Task to complete:
At the line with "Peachy Bloom Pearl Earrings", start repeating the data, and continue line by line through the final line, exactly.

════════════════

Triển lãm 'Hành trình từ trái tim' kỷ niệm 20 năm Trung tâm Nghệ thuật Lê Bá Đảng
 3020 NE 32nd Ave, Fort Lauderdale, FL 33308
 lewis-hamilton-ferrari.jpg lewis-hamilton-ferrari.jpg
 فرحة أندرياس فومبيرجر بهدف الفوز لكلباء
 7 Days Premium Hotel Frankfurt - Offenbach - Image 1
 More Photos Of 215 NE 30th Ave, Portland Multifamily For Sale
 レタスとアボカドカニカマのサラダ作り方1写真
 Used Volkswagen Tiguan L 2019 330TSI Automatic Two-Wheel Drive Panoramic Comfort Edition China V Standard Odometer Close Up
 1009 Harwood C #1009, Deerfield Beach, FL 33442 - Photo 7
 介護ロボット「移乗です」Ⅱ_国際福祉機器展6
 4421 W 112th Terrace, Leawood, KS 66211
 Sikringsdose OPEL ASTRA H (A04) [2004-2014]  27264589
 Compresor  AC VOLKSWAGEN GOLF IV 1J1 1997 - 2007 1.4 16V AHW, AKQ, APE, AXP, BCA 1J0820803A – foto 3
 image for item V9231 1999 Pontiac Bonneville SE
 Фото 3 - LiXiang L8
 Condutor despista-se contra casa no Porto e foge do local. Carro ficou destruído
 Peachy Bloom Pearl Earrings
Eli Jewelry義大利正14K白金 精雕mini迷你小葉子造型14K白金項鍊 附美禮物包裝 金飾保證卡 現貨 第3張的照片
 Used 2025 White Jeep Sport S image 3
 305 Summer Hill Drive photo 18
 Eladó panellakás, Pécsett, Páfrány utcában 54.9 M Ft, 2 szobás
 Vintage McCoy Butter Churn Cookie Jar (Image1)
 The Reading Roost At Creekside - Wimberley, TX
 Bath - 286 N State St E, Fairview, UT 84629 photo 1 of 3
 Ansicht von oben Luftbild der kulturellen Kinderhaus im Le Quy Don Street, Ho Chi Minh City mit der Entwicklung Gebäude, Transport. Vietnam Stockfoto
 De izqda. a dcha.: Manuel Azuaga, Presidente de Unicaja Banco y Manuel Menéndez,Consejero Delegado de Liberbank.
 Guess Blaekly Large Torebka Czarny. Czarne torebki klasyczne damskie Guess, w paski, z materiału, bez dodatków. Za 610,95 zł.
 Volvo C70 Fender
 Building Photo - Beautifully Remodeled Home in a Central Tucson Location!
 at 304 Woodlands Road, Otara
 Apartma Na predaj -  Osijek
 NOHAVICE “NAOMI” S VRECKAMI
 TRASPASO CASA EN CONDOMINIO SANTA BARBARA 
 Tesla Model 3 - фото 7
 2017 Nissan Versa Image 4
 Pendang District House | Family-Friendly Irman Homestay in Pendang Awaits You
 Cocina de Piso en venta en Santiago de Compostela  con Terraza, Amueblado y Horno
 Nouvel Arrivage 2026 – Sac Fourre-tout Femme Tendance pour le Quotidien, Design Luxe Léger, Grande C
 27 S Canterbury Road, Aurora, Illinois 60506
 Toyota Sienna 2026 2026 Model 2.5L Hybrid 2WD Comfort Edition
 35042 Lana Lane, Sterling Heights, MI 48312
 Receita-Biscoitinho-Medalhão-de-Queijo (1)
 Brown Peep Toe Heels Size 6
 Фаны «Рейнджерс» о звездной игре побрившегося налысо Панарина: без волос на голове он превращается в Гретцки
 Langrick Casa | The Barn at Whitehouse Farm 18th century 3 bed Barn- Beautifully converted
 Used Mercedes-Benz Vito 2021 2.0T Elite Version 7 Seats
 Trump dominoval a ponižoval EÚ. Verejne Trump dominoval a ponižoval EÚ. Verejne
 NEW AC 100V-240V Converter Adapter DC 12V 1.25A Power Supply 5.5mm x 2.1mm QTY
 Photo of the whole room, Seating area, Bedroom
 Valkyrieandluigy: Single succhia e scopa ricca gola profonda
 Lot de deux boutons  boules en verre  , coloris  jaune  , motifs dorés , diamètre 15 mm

════════════════

Expected answer:
 Peachy Bloom Pearl Earrings
Eli Jewelry義大利正14K白金 精雕mini迷你小葉子造型14K白金項鍊 附美禮物包裝 金飾保證卡 現貨 第3張的照片
 Used 2025 White Jeep Sport S image 3
 305 Summer Hill Drive photo 18
 Eladó panellakás, Pécsett, Páfrány utcában 54.9 M Ft, 2 szobás
 Vintage McCoy Butter Churn Cookie Jar (Image1)
 The Reading Roost At Creekside - Wimberley, TX
 Bath - 286 N State St E, Fairview, UT 84629 photo 1 of 3
 Ansicht von oben Luftbild der kulturellen Kinderhaus im Le Quy Don Street, Ho Chi Minh City mit der Entwicklung Gebäude, Transport. Vietnam Stockfoto
 De izqda. a dcha.: Manuel Azuaga, Presidente de Unicaja Banco y Manuel Menéndez,Consejero Delegado de Liberbank.
 Guess Blaekly Large Torebka Czarny. Czarne torebki klasyczne damskie Guess, w paski, z materiału, bez dodatków. Za 610,95 zł.
 Volvo C70 Fender
 Building Photo - Beautifully Remodeled Home in a Central Tucson Location!
 at 304 Woodlands Road, Otara
 Apartma Na predaj -  Osijek
 NOHAVICE “NAOMI” S VRECKAMI
 TRASPASO CASA EN CONDOMINIO SANTA BARBARA 
 Tesla Model 3 - фото 7
 2017 Nissan Versa Image 4
 Pendang District House | Family-Friendly Irman Homestay in Pendang Awaits You
 Cocina de Piso en venta en Santiago de Compostela  con Terraza, Amueblado y Horno
 Nouvel Arrivage 2026 – Sac Fourre-tout Femme Tendance pour le Quotidien, Design Luxe Léger, Grande C
 27 S Canterbury Road, Aurora, Illinois 60506
 Toyota Sienna 2026 2026 Model 2.5L Hybrid 2WD Comfort Edition
 35042 Lana Lane, Sterling Heights, MI 48312
 Receita-Biscoitinho-Medalhão-de-Queijo (1)
 Brown Peep Toe Heels Size 6
 Фаны «Рейнджерс» о звездной игре побрившегося налысо Панарина: без волос на голове он превращается в Гретцки
 Langrick Casa | The Barn at Whitehouse Farm 18th century 3 bed Barn- Beautifully converted
 Used Mercedes-Benz Vito 2021 2.0T Elite Version 7 Seats
 Trump dominoval a ponižoval EÚ. Verejne Trump dominoval a ponižoval EÚ. Verejne
 NEW AC 100V-240V Converter Adapter DC 12V 1.25A Power Supply 5.5mm x 2.1mm QTY
 Photo of the whole room, Seating area, Bedroom
 Valkyrieandluigy: Single succhia e scopa ricca gola profonda
 Lot de deux boutons  boules en verre  , coloris  jaune  , motifs dorés , diamètre 15 mm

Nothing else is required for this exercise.